I’m coming out of retirement to write a role-playing scenario for AusCon in October. I wrote and presented my first scenario at a role-playing convention in 1990 and in the last twenty-odd years I’ve written plenty more. I’m not sure yet what this one is going to be but I thought this was a great opportunity to think again about how I approach the writing process. This is the first of two posts.
Convention scenarios differ from my regular gaming night in two important respects. At an RPG con, I don’t have the luxury of sitting around for the first hour chatting about how we’ve survived the week. Con-goers have paid good money to play my scenario and they want value for money. I’m used to having a three hour session for my scenario so I need to get stuck into action from the get-go.
The second difference is that, again unlike my regular game, I have no idea whether the people who turn up to play are interested in hacking up monsters, solving puzzles and mind games or negotiating their way through political or moral conflicts. (Of course, the game advertising should tell you some of this but you get the idea.) The scenario needs to provide scope for all of these different players types.
For me, both these aspects are satisfied by the “mission briefing.” Whether it’s the stereotypical briefing before a military operation, detectives being called to a crime scene or the over-used technique of the letter from an old friend asking for help, all these are acceptable briefings. What they do is, at the start of the session, give the players a clearly stated goal towards which they can direct their energies. Depending on how the session plays out, the goal may change or the players may decide to ignore the briefing goal and aim for something else entirely. Regardless, the mission briefing has given them a target and started them on their way.

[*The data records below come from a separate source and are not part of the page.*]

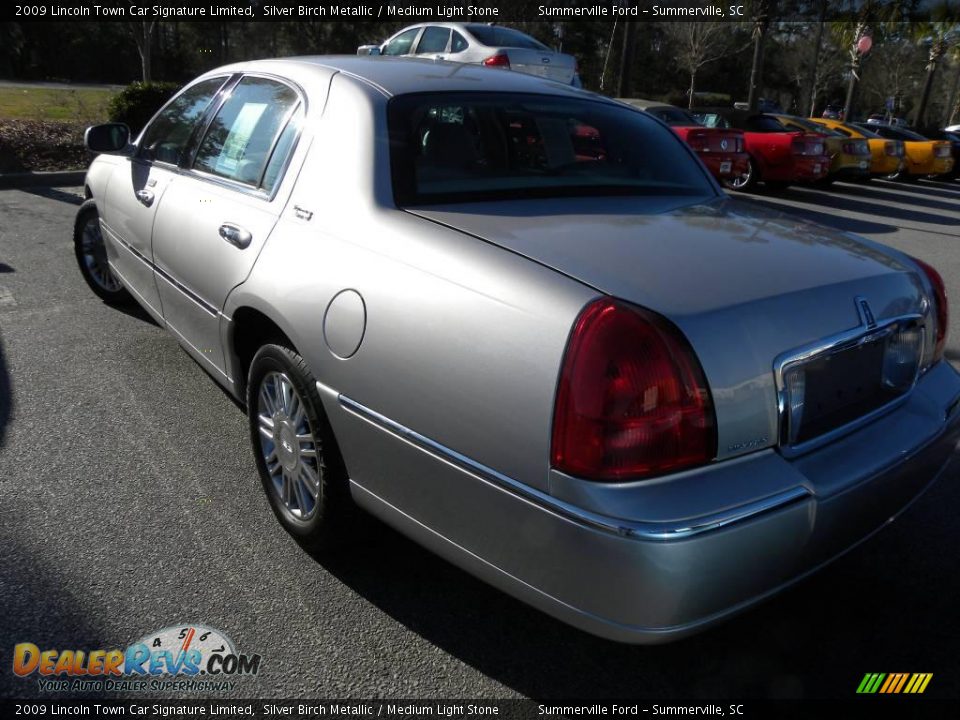 2009 Lincoln Town Car Signature Limited Silver Birch Metallic / Medium Light Stone Photo #15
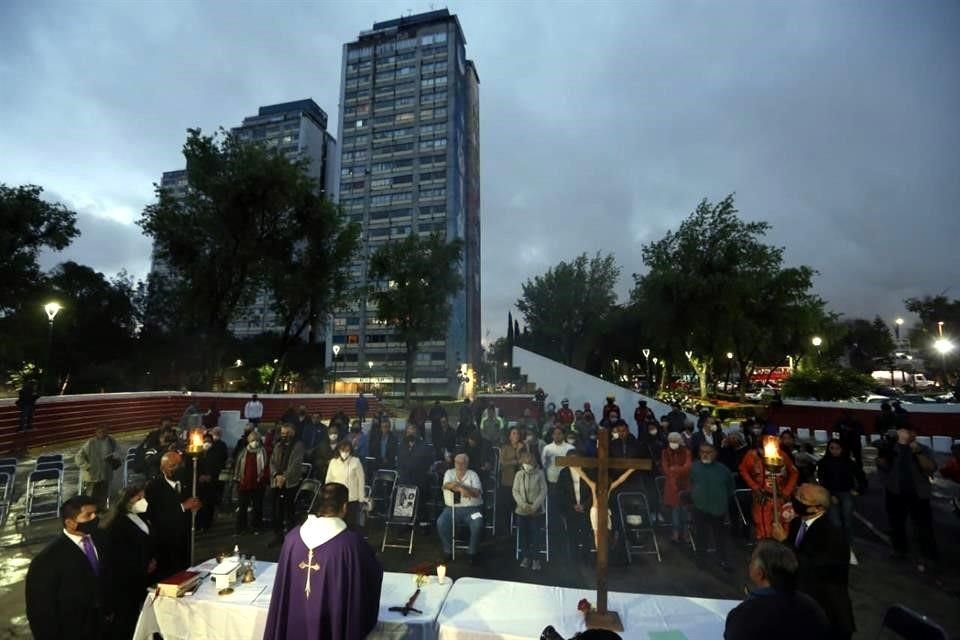 Vecinos de Tlatelolco realizaron una ceremonia en honor a víctimas del sismo de 1985, donde recordaron a fallecidos del Edificio Nuevo León.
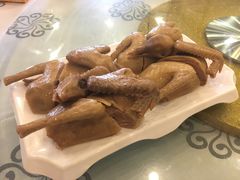梅子乳鸽-岭南海晏楼(滨江东总店)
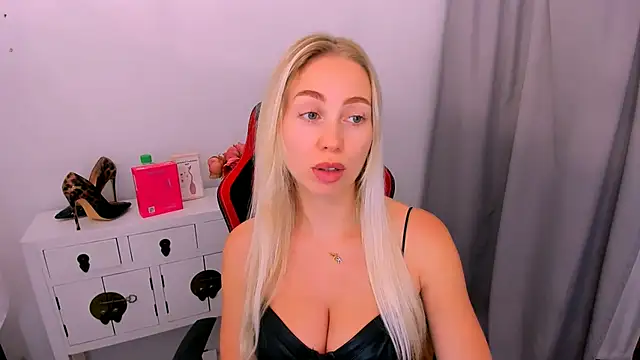 MargaritaRose live XXX chat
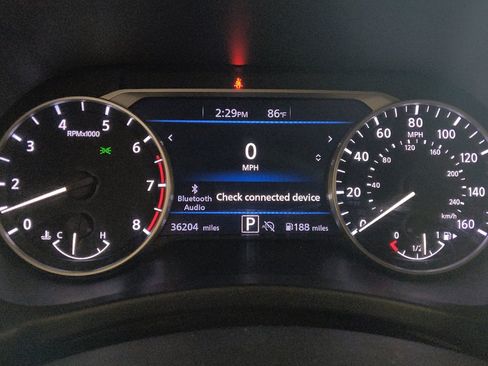 Used 2024 Nissan Sentra SV FWD image 23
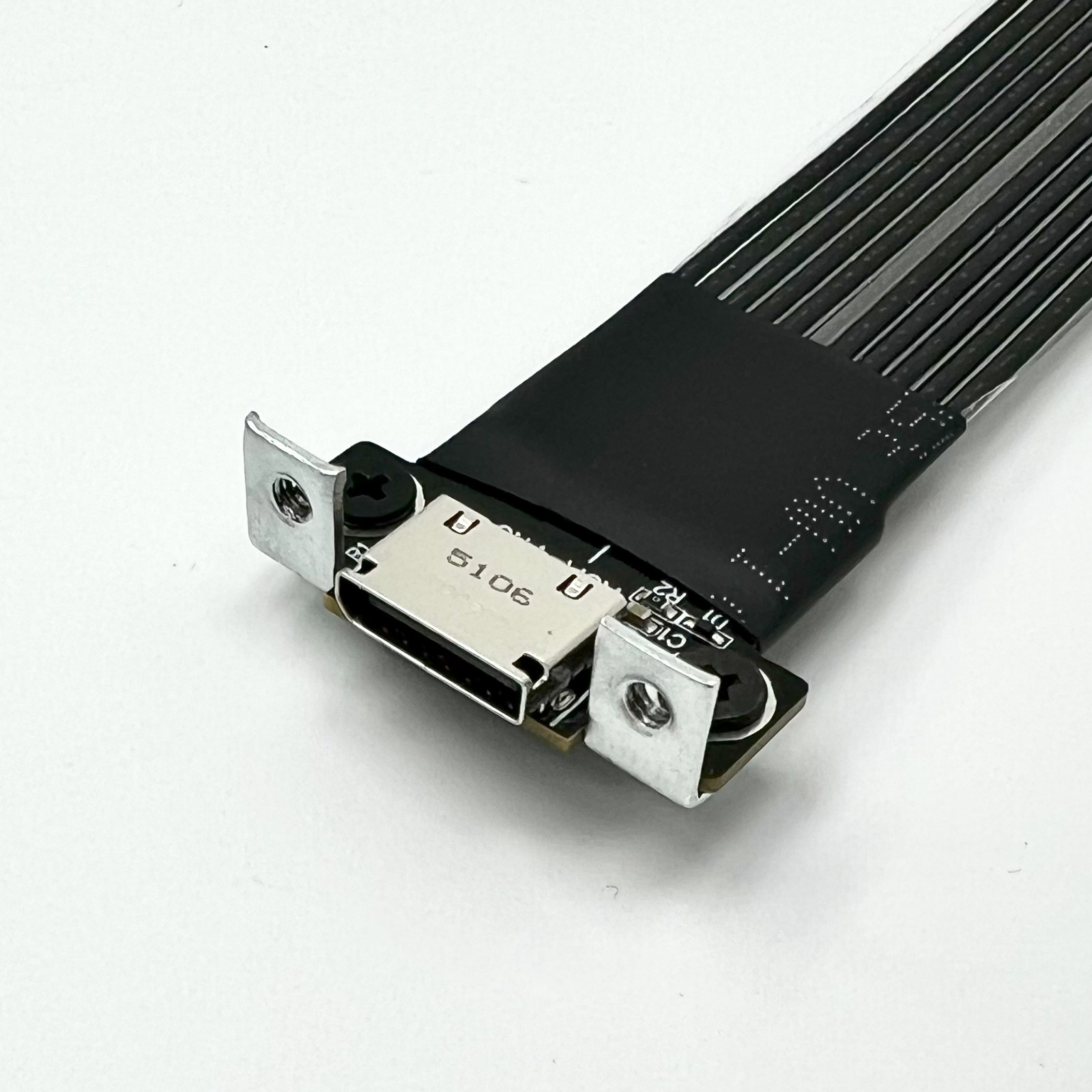 محول PCIE 5.0 X4 Gen5 M.2 NVMe - مراجعة Oculink Egpu Dock Graphics Card وسعره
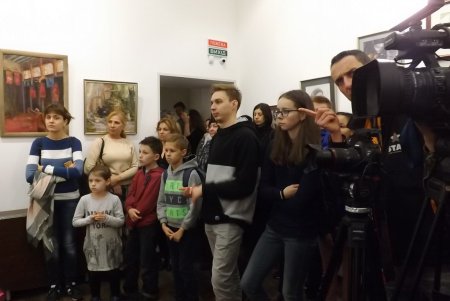 Школьникам и студентам подарили музейную настольную игру от Дома Блещунова (фото)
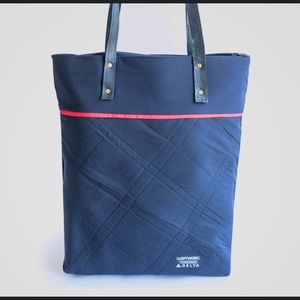 Looptworks Delta Airlines Uniform Limited Edition Tote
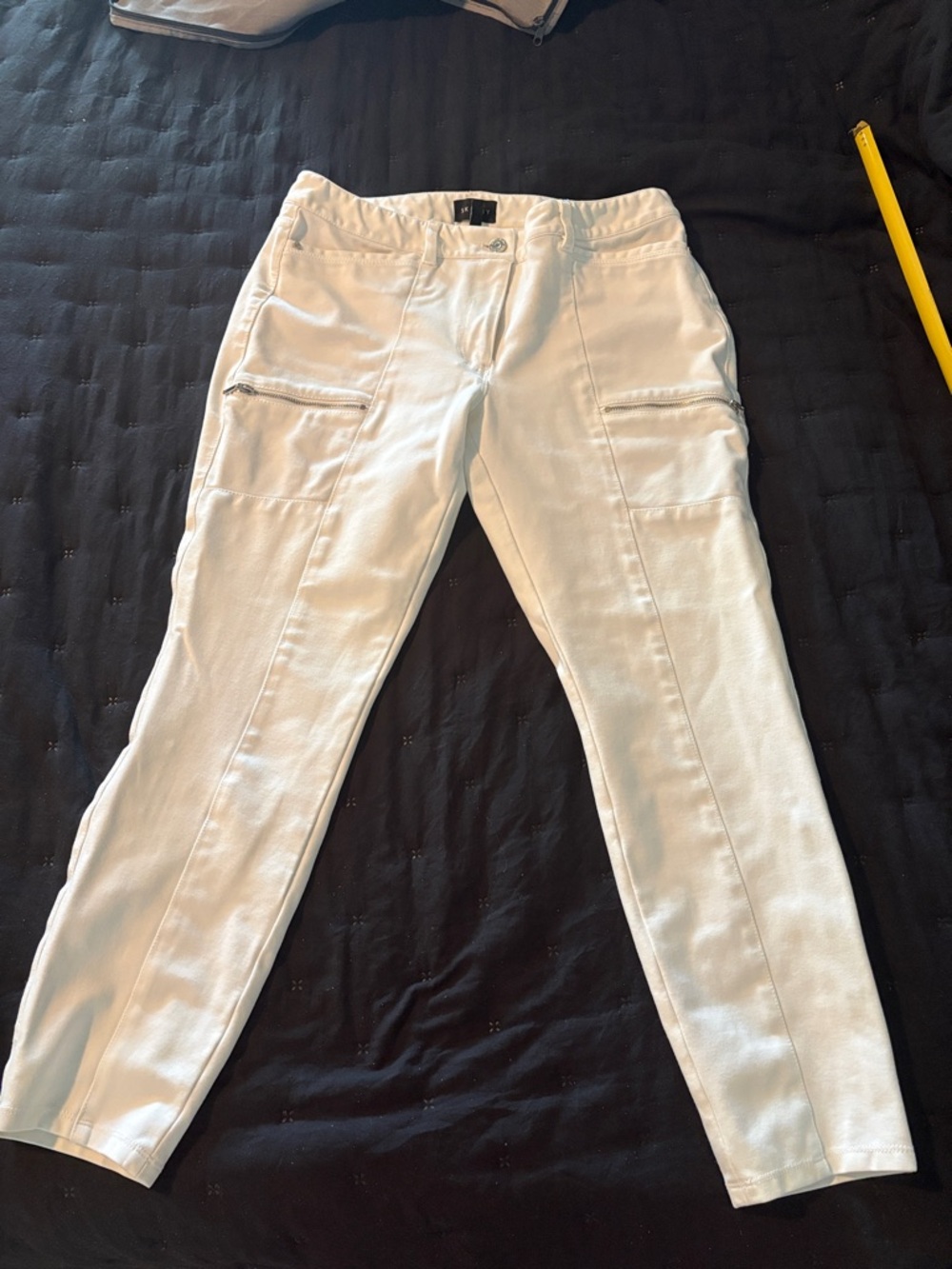 Women’s White Slim Cargo Ponte Pants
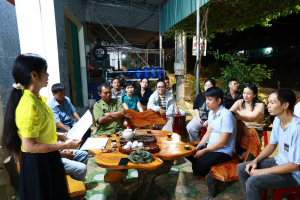 Khu phố Gia Ray 3 tổ chức họp dân, công khai kinh phí sửa chữa tuyến đường Nguyễn An Ninh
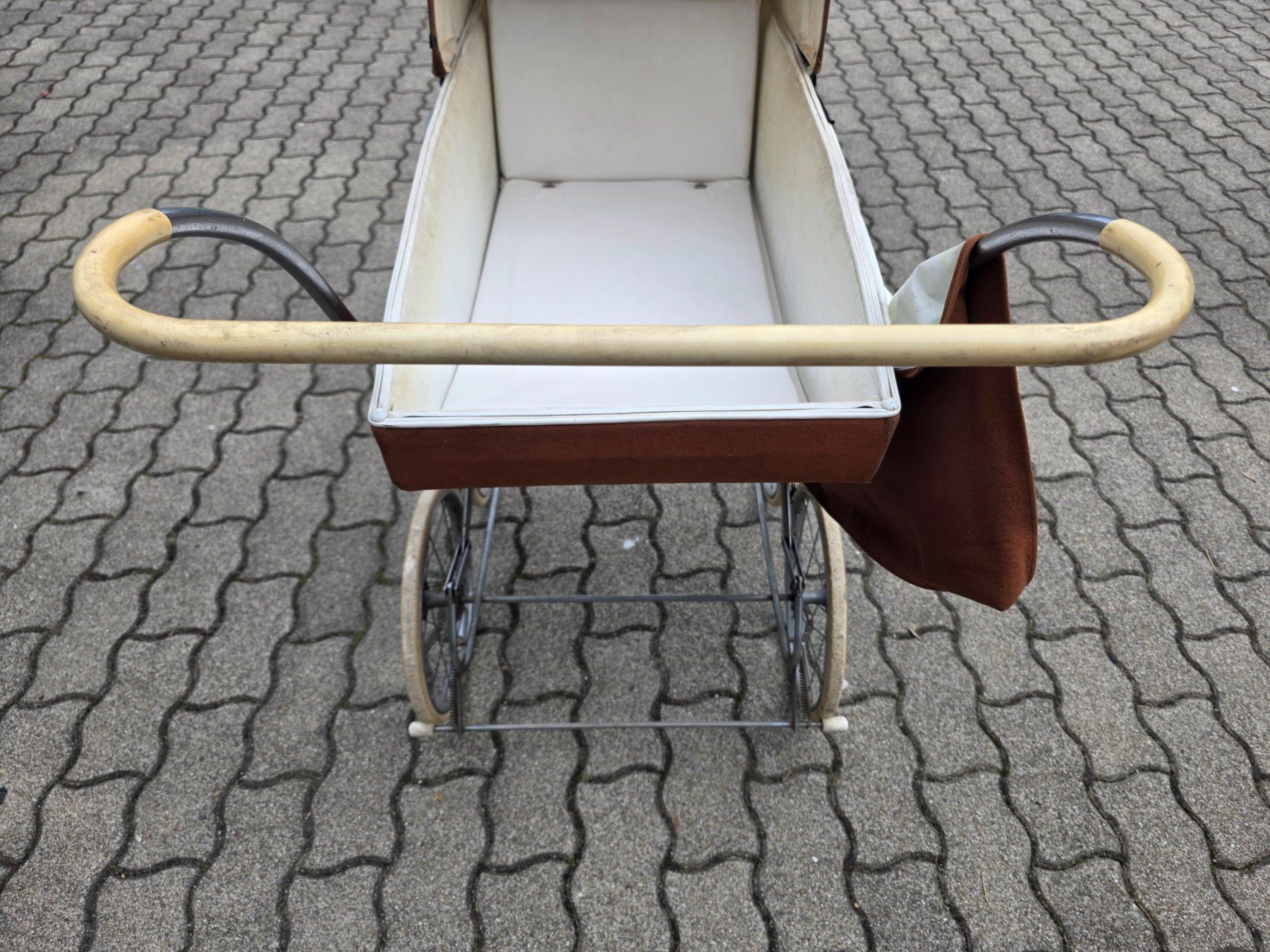 Wisa Gloria Carrozzine: WISA GLORIA Kinderwagen – Usato da Rheinsulz venduto da nostalgia91 9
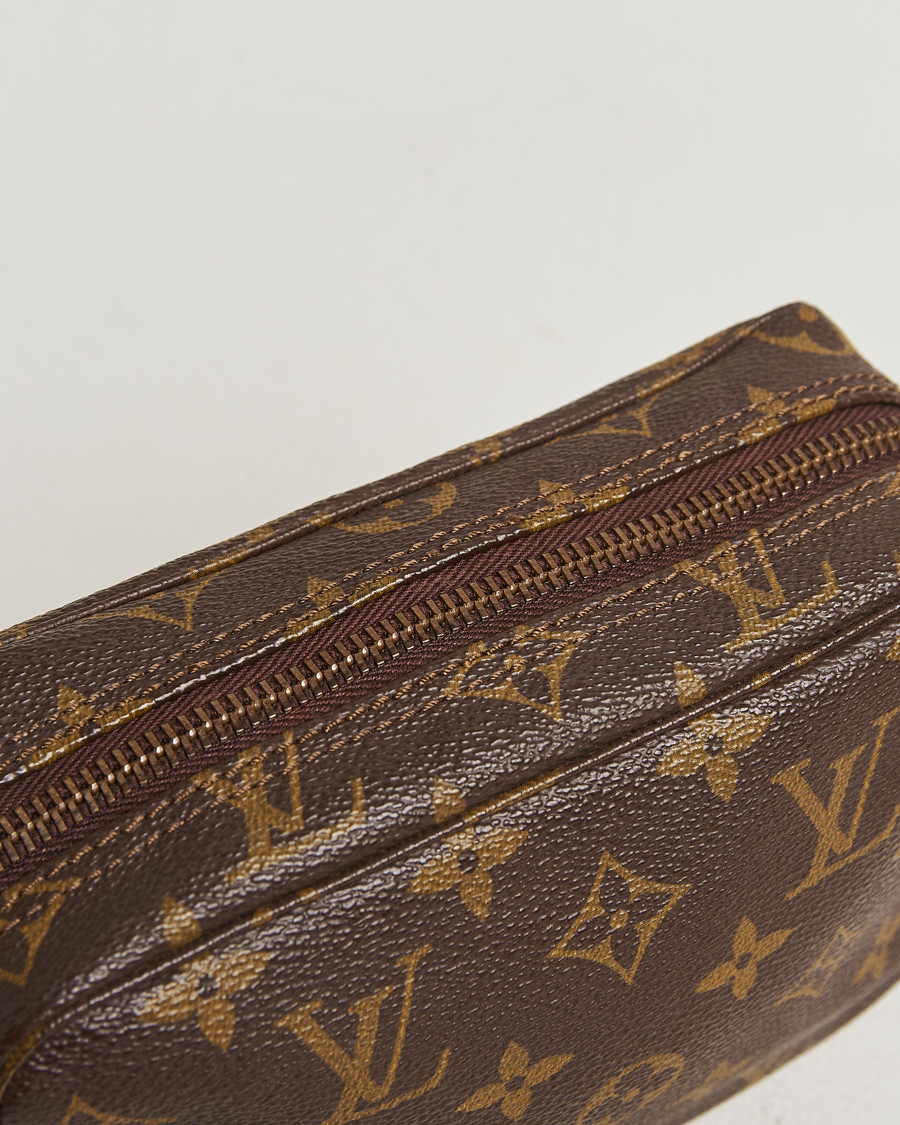 Uomini | Pre-Owned & Vintage Bags | Louis Vuitton Pre-Owned | Trousse Toilette 18 Monogram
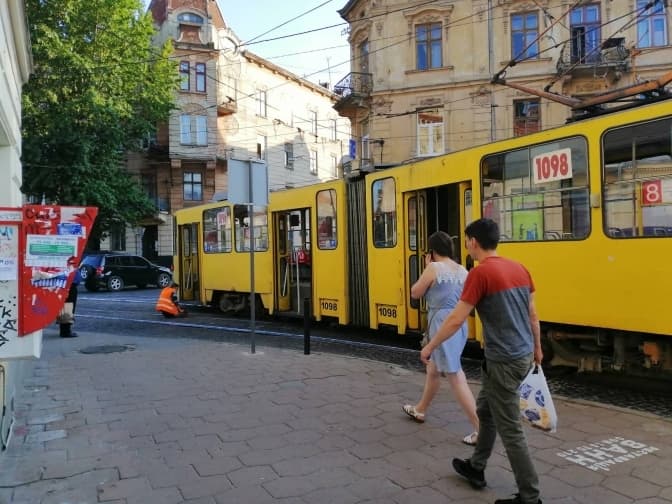 Ситуація на вулицях Львова. На площі Франка трамвай зійшов із колій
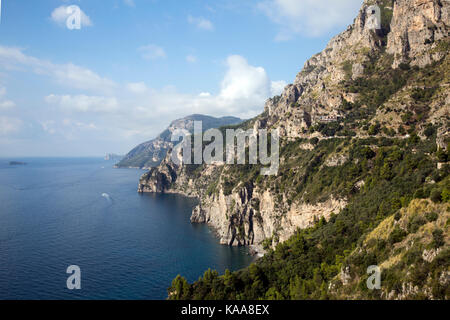 La spettacolare costa della Costa d'Amalfi drive, tra Sorrento e Positano. Foto Stock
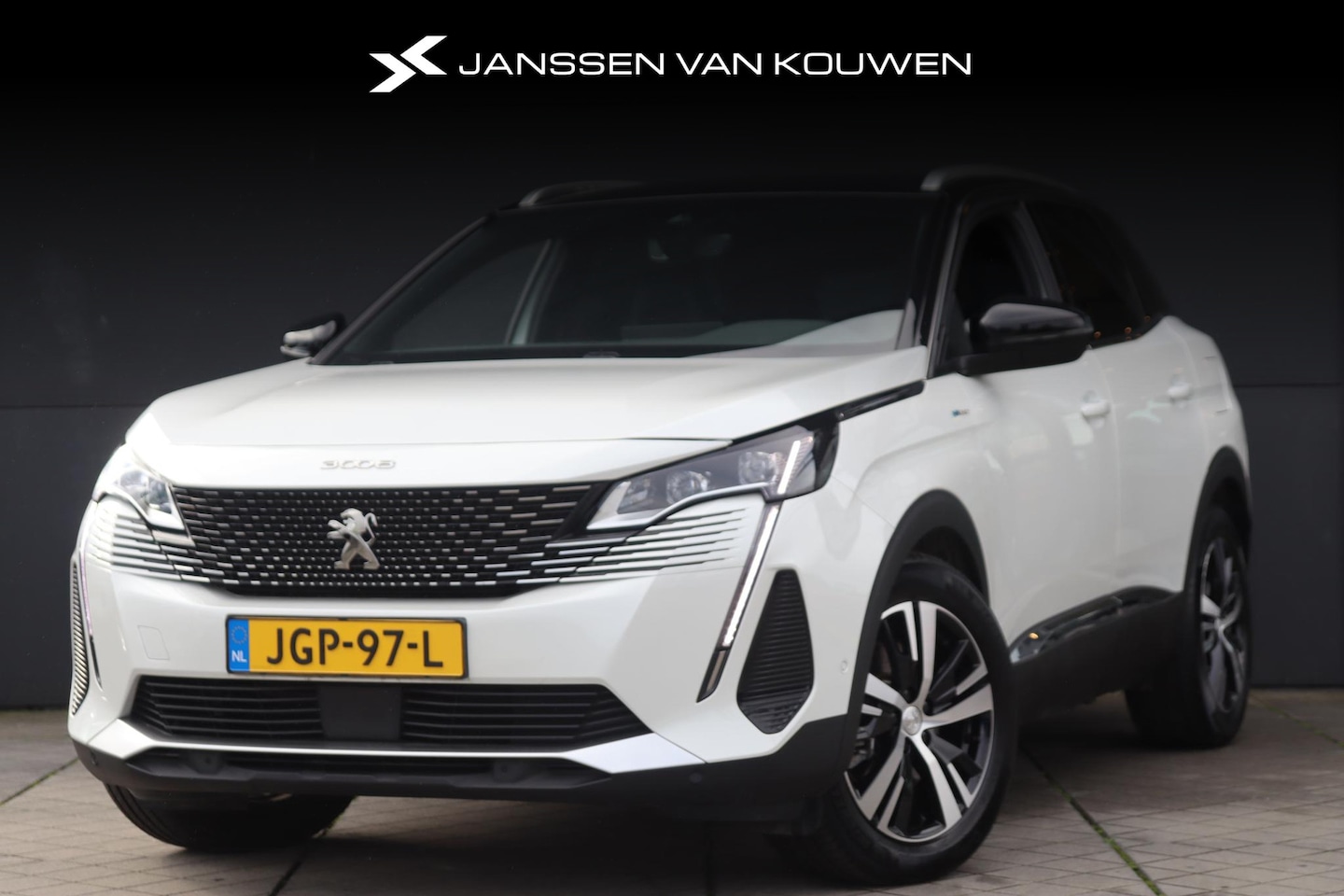 Peugeot 3008 - 1.6 HYbrid 225 GT Stoelverwarming Elektrische Achterklep Achteruitrijcamera - AutoWereld.nl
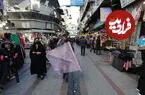 عکس| سفر به ایران قدیم؛ تهرانی ها در حال خرید در کوچه برلن؛ دهه 50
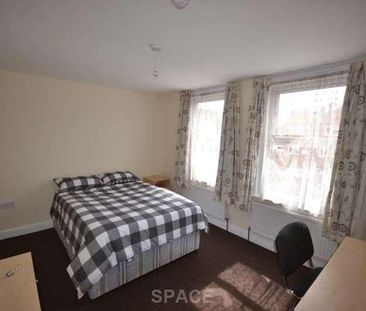 Grange Avenue, Earley, Reading, Berkshire, RG6 - Photo 4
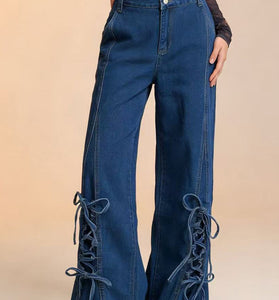 Lace-Up Straight Jeans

Next come the player characters. The characters are the players’ point of contact with the world of the scenario. In the interest of maximising playing time, the player needs know three vital pieces of information:
- Who is this character? This explains how the character fits into the game world and gives the play a basic handle on where the character fits int the game world and what sorts of actions are exacted of them. For instance, saying a character is a knight, you immediately expect combat skills and perhaps some competence within the royal court. Saying the character is a woodsman leads to a different set of expectations.
- Why is the goal is important to him or her? A patron wants your character to do something. What’s in it for your character? This may be as simple as money but it’s better to tie the goal to the character in some other way. Consider, for instance, how achieving the goal benefits the character or how failing to achieve it makes the character suffer. Personalising the goal in this manner gives the player an intellectual or emotional stake in the outcome of the scenario.
- What skills or abilities can the character bring to bear in achieving (or otherwise) the goal? Each character needs to be able to influence the scenario world in some way and help the group fulfill their mission. There’s no fun playing a character maxed out in “Speak Latin” if the scenario is set present day in the snows of the Russian Steppes.
I’ll mention here a pet hate which always makes me see red: the quiet character. We’ve all played the character that is described as taciturn or shy or whatever who cannot or will not speak up. Since role-playing is an almost entirely verbal pursuit, this character has no chance to participate. The quiet character is the GM’s way of telling you to punch him or her in the face.
A good convention character can be best described in the world of the wise old gamer (who unknowingly mentored me) as having “something to be, something to do, something to think, something to feel.”